Mark Koch's Weblog Mark Koch's Weblog

Thursday Sep 07, 2006

Background

A couple years ago, I built a 1TB file server using standard computer components. I wanted a place to put my photos, music and movies and be able to access it via Samba or NFS from other computers in my house... oh, and I'm a cheapskate so spending too much money was not an option. I used an old chassis and motherboard that I had along with some other components that I already had. For the drives, I hunted around and found that CostCo had a pretty good deal on 250MB drives. I bought two to start with. I also bought a cheap IDE-133 card since the on-board IDE controller was only IDE-66.

Weekends with Linux, Feel the Burn

I put my file server together and downloaded the latest Fedora Core 4. Installation of the OS went smoothly enough for the root drive but things soon took a turn for the worst. After alot of research and very experimental drivers and software RAID utilities, I had my system working. Since I only had two drives, RAID-5 was out of the question. I decided to concatenate the drives. I wasn't worried about backups since all my data was backed up on CDs and my music and movies were safely on their original disks and boxed up in storage somewhere. Worst case, I would have to spend a few days feeding CDs back into the system if things failed.

Things worked happily for about a week. I was still in the process of adding my movies and songs to the system when it started acting weird. The system went into read only mode. Looking at the log files, I saw lots of errors accessing the disks. So I did what any sysadmin would have done. I rebooted it. Upon reboot, I saw that my raid was gone. From my notes, I retyped the commands to create the RAID again and the RAID was working OK again.... for a few days. I went through this cycle of use, reboot and re-create my raid to the point of having a script that would do that all for me.

Another few months passed and finally one weekend, the Linux file server which had been unnaturally resurecting itself started to have performance problems. I had added two more disks with the intent to add two more. Since Linux RAID wouldn't let me add new disks into an existing RAID, I came up with a strategy to move the files around to different raid sets to balance out which files went where. I started to notice that 1 or 2GB files were taking over night to copy from one drive to the other. Something was wrong here and no amount of Googling would turn up a good answer.

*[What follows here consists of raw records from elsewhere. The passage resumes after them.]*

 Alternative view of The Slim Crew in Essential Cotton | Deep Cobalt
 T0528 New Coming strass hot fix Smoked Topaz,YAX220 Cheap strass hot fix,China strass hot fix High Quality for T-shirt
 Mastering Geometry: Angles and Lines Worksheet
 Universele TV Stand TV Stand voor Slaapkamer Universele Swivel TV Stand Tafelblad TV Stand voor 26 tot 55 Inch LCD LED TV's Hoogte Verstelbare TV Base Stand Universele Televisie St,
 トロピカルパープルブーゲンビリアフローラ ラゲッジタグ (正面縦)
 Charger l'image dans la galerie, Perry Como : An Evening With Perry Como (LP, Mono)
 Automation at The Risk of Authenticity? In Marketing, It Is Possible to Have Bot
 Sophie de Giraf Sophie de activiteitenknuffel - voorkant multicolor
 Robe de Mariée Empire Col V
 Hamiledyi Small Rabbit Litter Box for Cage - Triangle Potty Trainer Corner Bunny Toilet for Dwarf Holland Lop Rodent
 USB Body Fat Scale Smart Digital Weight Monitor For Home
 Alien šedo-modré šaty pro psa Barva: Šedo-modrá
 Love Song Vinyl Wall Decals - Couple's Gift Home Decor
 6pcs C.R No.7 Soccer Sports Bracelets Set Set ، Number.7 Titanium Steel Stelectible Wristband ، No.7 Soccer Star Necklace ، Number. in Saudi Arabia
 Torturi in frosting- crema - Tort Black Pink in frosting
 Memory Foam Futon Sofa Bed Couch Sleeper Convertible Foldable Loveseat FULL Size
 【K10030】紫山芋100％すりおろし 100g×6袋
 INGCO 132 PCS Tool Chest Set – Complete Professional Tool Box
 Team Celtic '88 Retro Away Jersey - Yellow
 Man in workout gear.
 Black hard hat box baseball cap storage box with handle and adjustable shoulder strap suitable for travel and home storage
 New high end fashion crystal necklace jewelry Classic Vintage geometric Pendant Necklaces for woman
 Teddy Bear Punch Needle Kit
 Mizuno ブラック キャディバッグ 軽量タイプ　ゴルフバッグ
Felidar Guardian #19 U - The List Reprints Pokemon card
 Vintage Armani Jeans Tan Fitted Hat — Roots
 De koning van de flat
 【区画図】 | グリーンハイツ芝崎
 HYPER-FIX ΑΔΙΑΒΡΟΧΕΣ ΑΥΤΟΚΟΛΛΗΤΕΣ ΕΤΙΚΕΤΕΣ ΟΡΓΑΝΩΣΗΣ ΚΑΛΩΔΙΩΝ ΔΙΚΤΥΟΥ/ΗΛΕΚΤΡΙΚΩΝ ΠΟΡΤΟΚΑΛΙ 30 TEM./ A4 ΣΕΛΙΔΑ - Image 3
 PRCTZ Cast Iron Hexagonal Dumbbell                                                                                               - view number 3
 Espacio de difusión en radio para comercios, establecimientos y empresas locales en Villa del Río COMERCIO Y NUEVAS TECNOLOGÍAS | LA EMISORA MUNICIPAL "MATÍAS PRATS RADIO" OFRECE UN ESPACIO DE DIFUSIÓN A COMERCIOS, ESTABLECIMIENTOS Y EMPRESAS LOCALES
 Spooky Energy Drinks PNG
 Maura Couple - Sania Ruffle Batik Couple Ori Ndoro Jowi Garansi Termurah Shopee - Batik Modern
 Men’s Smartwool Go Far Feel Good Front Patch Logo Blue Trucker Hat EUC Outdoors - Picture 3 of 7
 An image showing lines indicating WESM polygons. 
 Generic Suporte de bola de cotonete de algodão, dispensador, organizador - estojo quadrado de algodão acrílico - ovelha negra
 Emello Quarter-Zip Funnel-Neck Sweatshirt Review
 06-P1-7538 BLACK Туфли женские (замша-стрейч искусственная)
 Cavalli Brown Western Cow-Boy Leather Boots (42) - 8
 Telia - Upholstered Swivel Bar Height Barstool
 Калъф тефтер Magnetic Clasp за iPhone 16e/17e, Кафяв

I decided to just deal with it and let the computer do it's thing. At least my files were still there.

Solaris is not Linux

A few months later, I attended a presentation at Sun when Solaris Nevada was only a few builds old. The presenter used her AMD64 bit laptop to walk through many Solaris Nevada demos including DTrace and ZFS. She made both DTrace and ZFS look too easy, it seemed to good to be true.

I decided to bite the bullet and build a new file server with Solaris and ZFS. This time I had a few extra dollars to spend so I beat my inner cheapskate into submission and headed to NewEgg.com online. I started with a CoolerMaster Stacker 810 series chassis. It's one of the few chassis that has 12 5.25" drive bays out the front and a relocatable power button panel. Using their included 3.5" drive adapter ( and two more purchesed ones) I was able to put twelve hard drives into the space of nine 5.25" bays, and each 4 disk adapter has a silent fan on it. I was able to loan 12 500GB drives for this project. With nine 5.25" bays filled up, I filled the other three with the power button panel at the bottom, a DVD-ROM drive at the top and a 80GB root drive below that. I pulled the ASUS motherboard out of my Myth-box-slash-failed-experiment-since-it-also-ran-linux box and repurposed it for this project. That motherboard had 1GB RAM and a AMD64 3400+. I researched the Sun hardware compatability list and found a cheap quad SATA controller that should do the job. It turns out that the chip on that controller was used in a Sun product somewhere, so I had a reasonable expectation that it would work pretty well. The SATA controller came as RAID-configured. I needed JBOD mode for this thing to work correctly so I re-flashed the controllers from a download from the chipmakers site.



Solaris is NOT for insomniacs

I installed Solaris without much trouble. OK, I admit that I've installed Solaris many many times in the past 17 years, so things were pretty easy for me. However, I was new to ZFS and was still skeptical about how simple it might be to set up and whether my data would still be there a few days later. I decided that I wanted to have a mirrored "data" pool for my most precious stuff like Quicken backups, family photos and laptop backups. I also wanted a Raid-Z "media" pool for movies and music that I knew I had a hard copy of and wouldn't cry if all was lost.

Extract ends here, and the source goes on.